For those of you who don't know, the namesake of the restaurant is John Sullivan (1858-1918), the 1882 bareknuckles heavyweight champion of the world. You'll find a model of his gold- and jewel-encrusted heavyweight champion belt hanging by the host station at the door. Yes, this does set up a vibe that is intensely masculine, almost jocular, a tone carried out in all aspects of this 1940s style chophouse with its "speakeasy allure."
You can enjoy a martini or cigar in the clubby bar or head on in for dinner in the dark dramatic dining room. The deeply polished wood, gigantic flower vase, inset exposed wine cellar and sliding panels will all bring to mind an era of fat steaks, cigars and Fedoras set at a rakish angle.
Welcome to marketing in the year 2001, where ambiance supercedes any other factor in a restaurant, packaged for your dining entertainment. Entire marketing teams devote hours and hours to finding the correct "atmosphere" and here you'll feel as if you're in one big marketing test tank.

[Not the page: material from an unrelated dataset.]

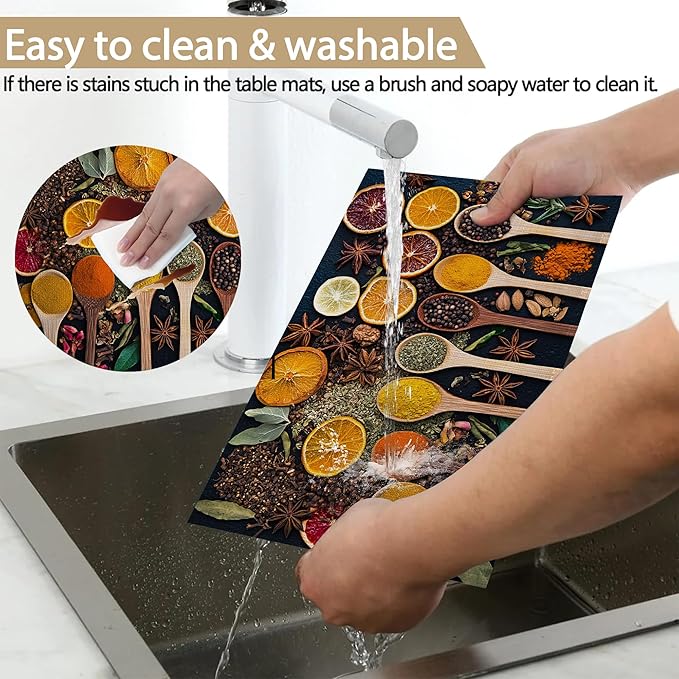 Placemats, Colorful Spices Placemats 12x18 Inch Waterproof Non-Slip Washable Table Mats for Kitchen Dining Party Table Decor,Set of 6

From the moment our server greeted our table, we were essentially overlooked as individuals but treated as a commodity. Our server stepped into the role by graciously asking every member of the table what type of martini they wanted.
We didn't want martinis.
The server stared at us, blinked, then started again with a polite request as to what could she bring from the bar.
Maybe I'm a little sensitive since I was dining with some teetotalers who do not drink under any circumstances. Still, when we ordered hot tea, the server stiffly said "Very well," then handed a wine list to the only man seated at the table and said, "I'll come back for your wine order, sir."
But we rolled with it.
Despite the fact that wine glasses were still set at every place even though wine was not ordered, the press from the service didn't seem to be about the diner so much as making some kind of quota. The servers spoke as if they rehearsed a line, performed it to upper management, had it approved and were reciting it tableside. Our server did her job perfectly well, but she might as well have been a mannequin.
This feeling of cardboard cut-out is reflected in the menu as well, which is mostly about meat. Your server should tell you that your meal will be served à la carte (although I noticed that on one occasion the server waited until the orders were placed before adding this bit of information). This means that when you pay $28.95 for a Porterhouse steak, the only thing served on the plate besides the steak will be a knife. The prices certainly feel as if we're visiting in another city: $25.95 for a single veal chop, $26.95 for three single lamb rib chops, $24.95 for a filet mignon the size of an apple. You don't have to be Einstein to figure the profit being turned is at your expense. While the plates we sampled were cooked to a turn, and uniformly the meat was tender and of a quality cut, in the back of all our minds was the uniform thought: what a friggin' rip-off. Ka-Ching!
Who wants to eat a piece of meat with nothing to accompany it? Well, apparently no one, since this is where the bill begins to spiral out of control. Many tempting side items are offered, and in fact some of them are better than many of the larger plates offered. The creamed spinach ($4.95) and the old fashioned onion rings ($4.25) were two excellent side items that could easily make their own meal. But beware the horseradish mashed potatoes ($4.25), which were whipped and bland, without much horseradish in evidence.
As someone who will eat meat but certainly prefers the other food groups, I visited the side dishes and appetizers, the portion of the menu with a bit more zeal. An entire meal could be assembled and enjoyed from this part of the menu. In particular, the seared Ahi Tuna ($9.95) was a lovely statement in simplicity: seared rare slices served in a light wasabi crema with a bit of pickled ginger, this plate was a welcome respite. The Cajun Crab Cake ($9.95), a single cake of moist crab, tasted slightly sweet, although the mustard sauce made a nice foil. The Grilled Portabello Mushrooms ($7.95) were overdone and chewy and outrageously priced, considering the portion.
Probably the best dish we sampled was the spinach salad, served with a warm zingy dressing. The balance in portions, dressing and tender spinach leaves was a winner. But how embarrassing is that for a steakhouse's claim to fame: a spinach salad?
Dessert offers up some splendid options. We selected a melted chocolate brownie and a vanilla crème brûlée. The brownie was monstrous, served warm and collapsed in on itself with a scoop of vanilla ice cream. This brought oohs and aahs from the peanut gallery. The enormous trough of brûlée was light and flecked with vanilla bean. Both desserts were priced fairly at $5.95.
In the end, nothing can redeem the dining experience of Sullivan's from feeling like you've just consumed something plastic, generic and fairly tired. And you've just parted with a solid chunk of change. Not to mention a little piece of your soul, since you leave feeling kind of used and cheated, like you've just left a bad one-night stand you knew better than to go ahead with.
As the story goes, tired of the high life at the very end, Sullivan himself made some kind of spiritual conversion and attempted to live a life of temperance. Perhaps the marketing team didn't think about that, since we'd all do best to take heed of what Mr. Sullivan learned at the very end of his life and stay at home.
Then again, the hostess informed us that toward the end there, Mr. Sullivan hocked the original championship belt to rid himself of so many debts. Perhaps you will choose to follow that particular example. Before you come to Sullivan's, you might do well to root through your valuables and find something to hock in case you need to make a pawn to get yourself back out the door. Or you can always beat your way to glory.